- RECORDED INFORMATION -
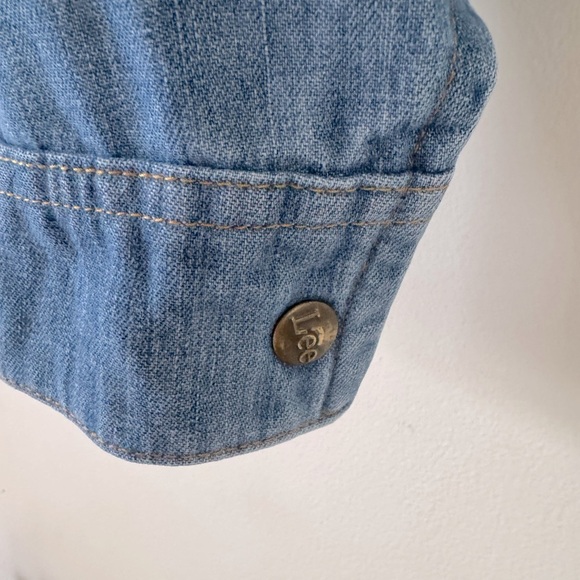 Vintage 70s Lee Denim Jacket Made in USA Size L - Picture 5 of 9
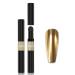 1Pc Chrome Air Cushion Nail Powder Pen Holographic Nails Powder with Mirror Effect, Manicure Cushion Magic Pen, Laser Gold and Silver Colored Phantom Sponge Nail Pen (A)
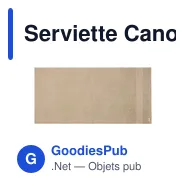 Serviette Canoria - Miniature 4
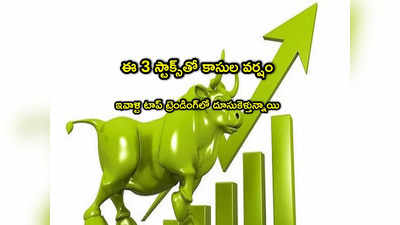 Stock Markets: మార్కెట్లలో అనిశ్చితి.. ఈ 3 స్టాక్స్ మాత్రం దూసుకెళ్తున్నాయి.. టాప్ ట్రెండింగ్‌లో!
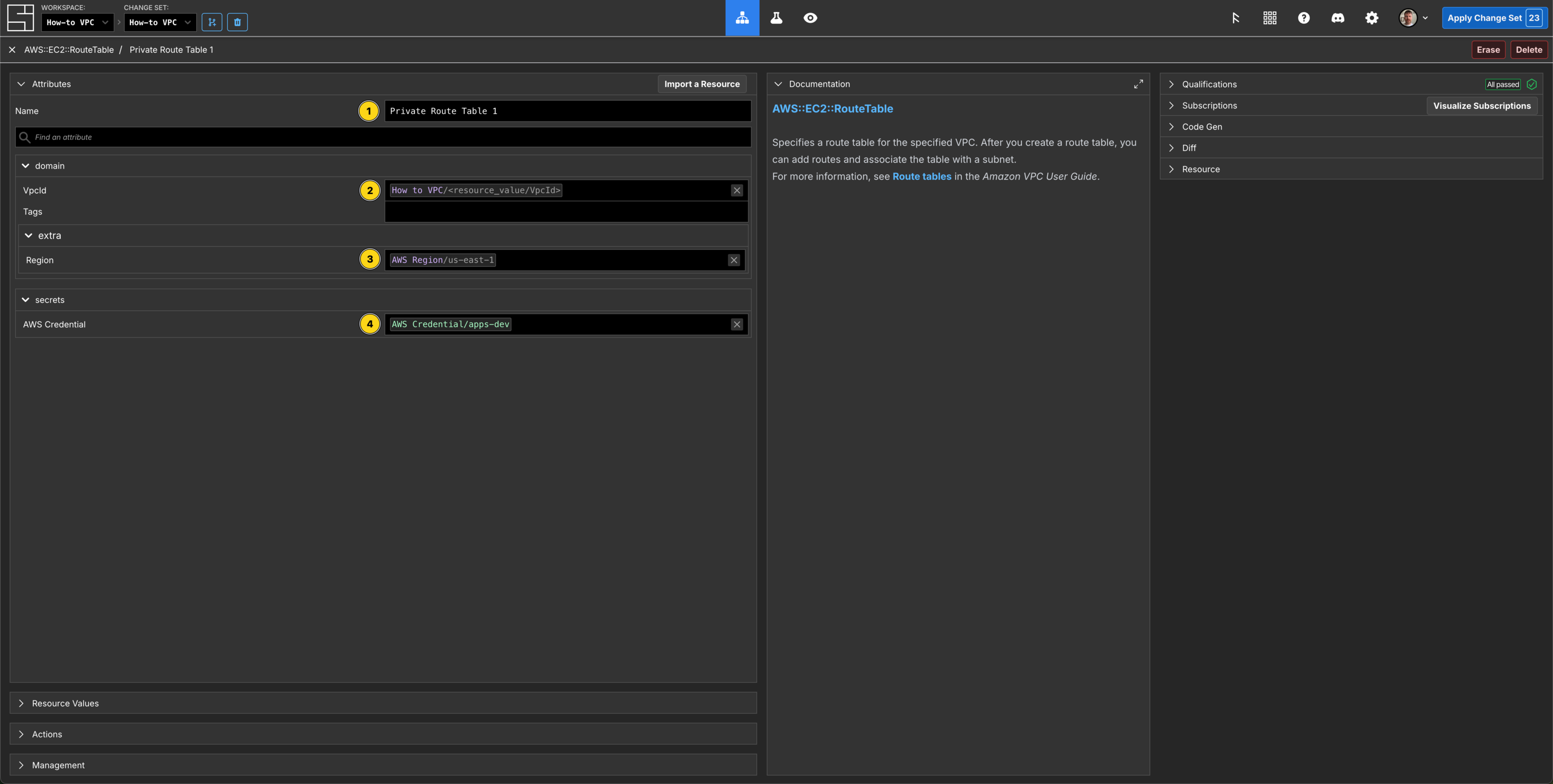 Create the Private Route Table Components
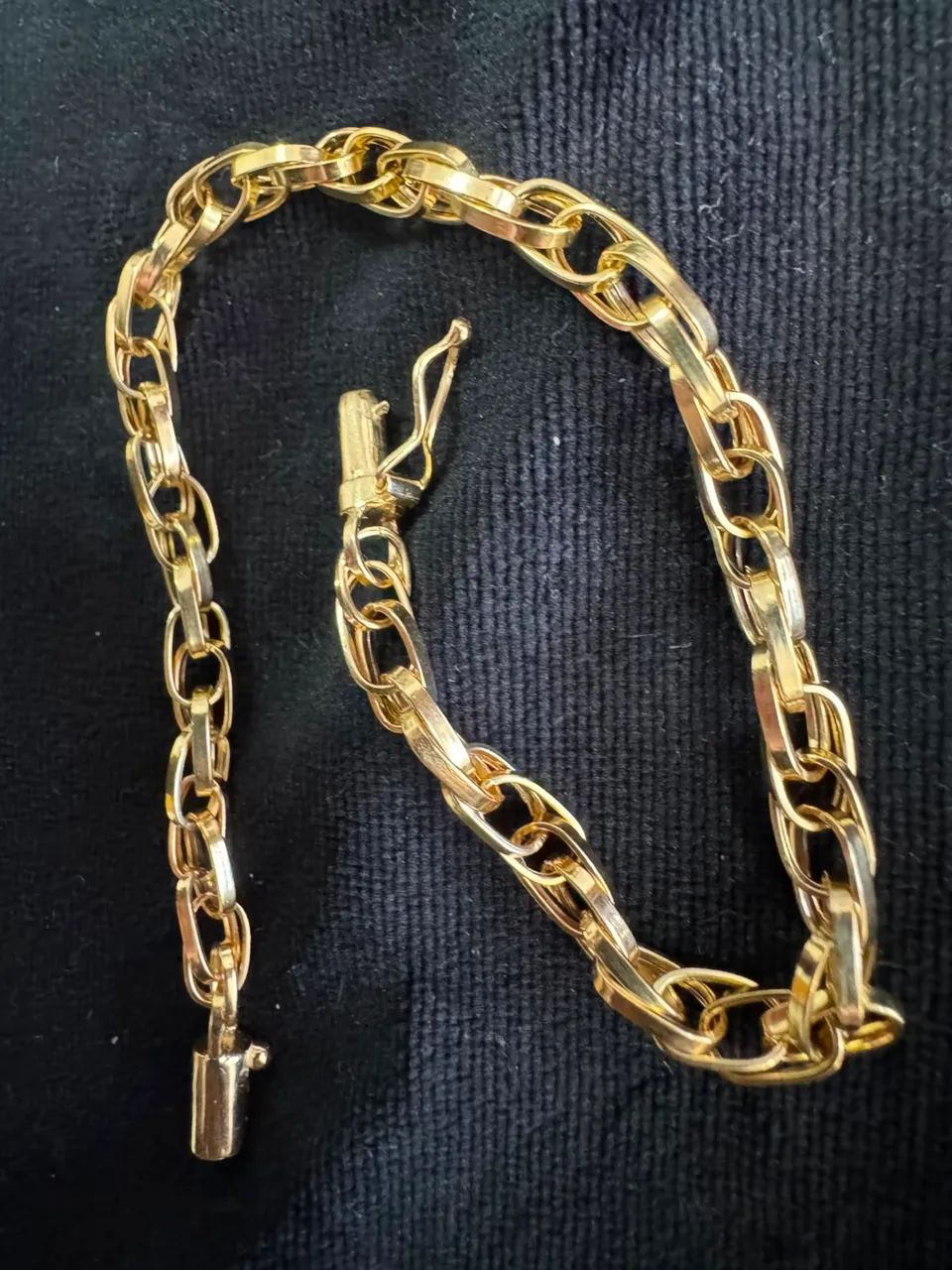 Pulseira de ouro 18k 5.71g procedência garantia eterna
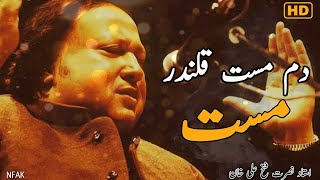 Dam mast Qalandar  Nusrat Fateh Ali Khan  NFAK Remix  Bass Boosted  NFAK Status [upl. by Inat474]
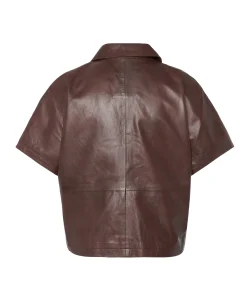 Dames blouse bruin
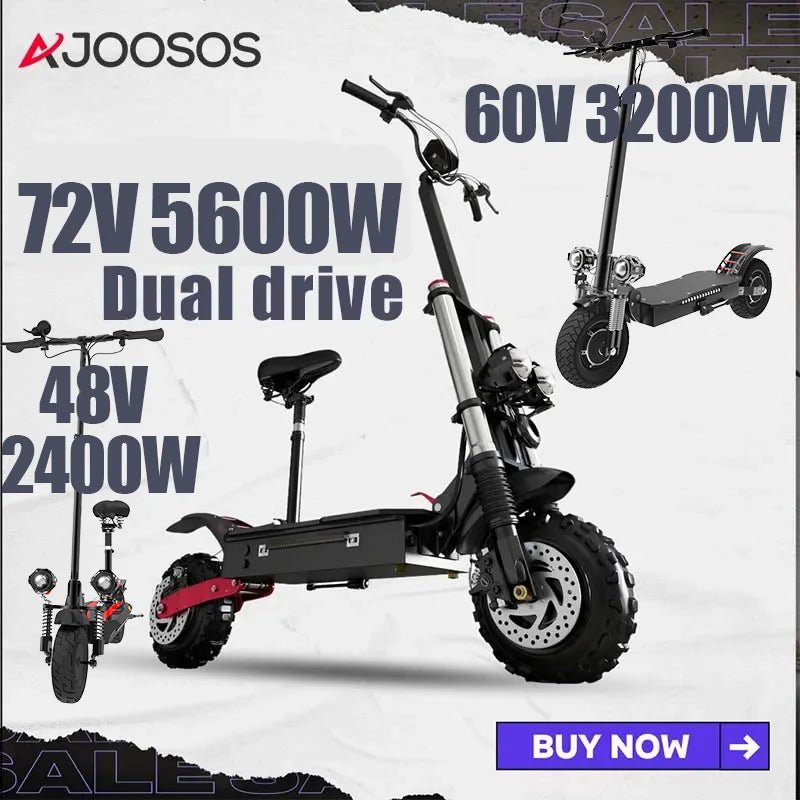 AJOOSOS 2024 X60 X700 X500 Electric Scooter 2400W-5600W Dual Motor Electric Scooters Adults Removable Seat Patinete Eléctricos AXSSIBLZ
==
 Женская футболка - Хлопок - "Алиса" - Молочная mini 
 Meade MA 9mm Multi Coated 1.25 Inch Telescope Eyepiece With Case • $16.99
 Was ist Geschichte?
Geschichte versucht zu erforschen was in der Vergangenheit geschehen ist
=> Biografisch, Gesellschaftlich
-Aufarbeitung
--
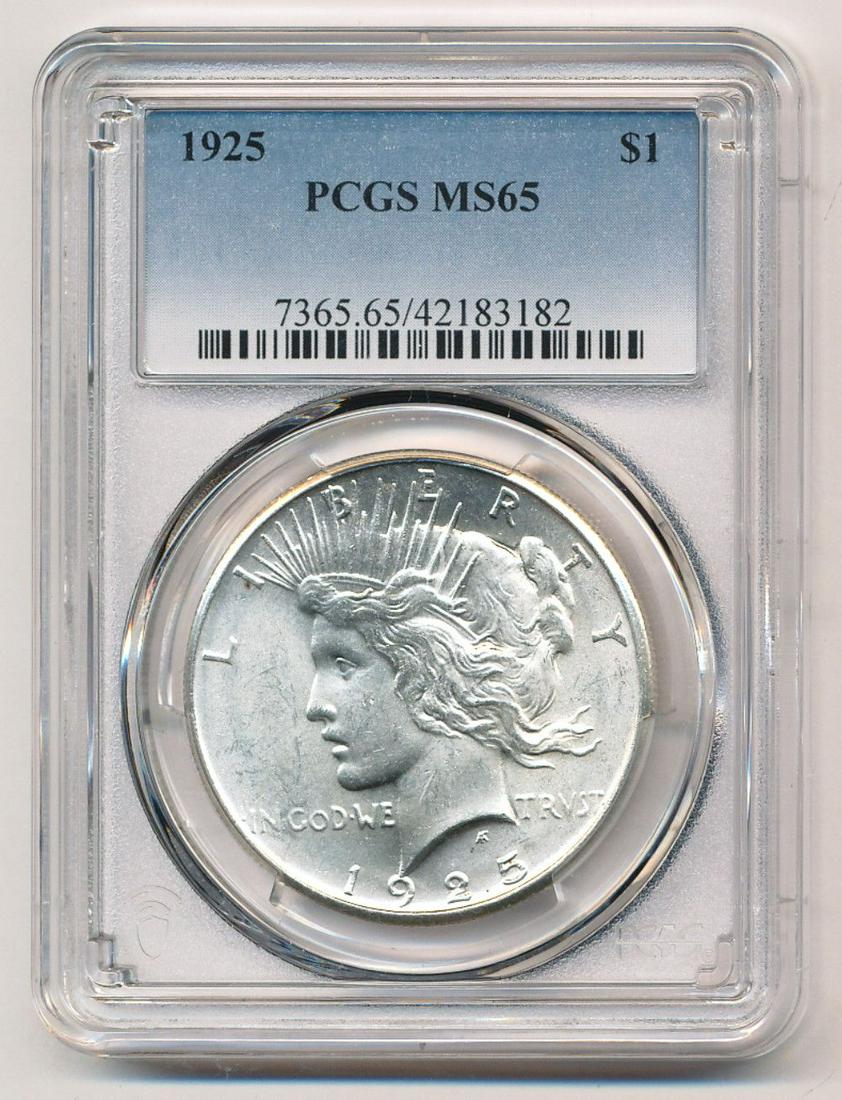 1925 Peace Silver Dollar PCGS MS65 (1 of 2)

- WHAT YOU SHOULD DO -
Set down again, exactly, every line above from the one with "Dam mast Qalandar" down to the one with "AJOOSOS 2024 X60", both ends included. No pictures, and nothing else.

- RESPONSE -
 Dam mast Qalandar  Nusrat Fateh Ali Khan  NFAK Remix  Bass Boosted  NFAK Status [upl. by Inat474]
 Dames blouse bruin
 AJOOSOS 2024 X60 X700 X500 Electric Scooter 2400W-5600W Dual Motor Electric Scooters Adults Removable Seat Patinete Eléctricos AXSSIBLZ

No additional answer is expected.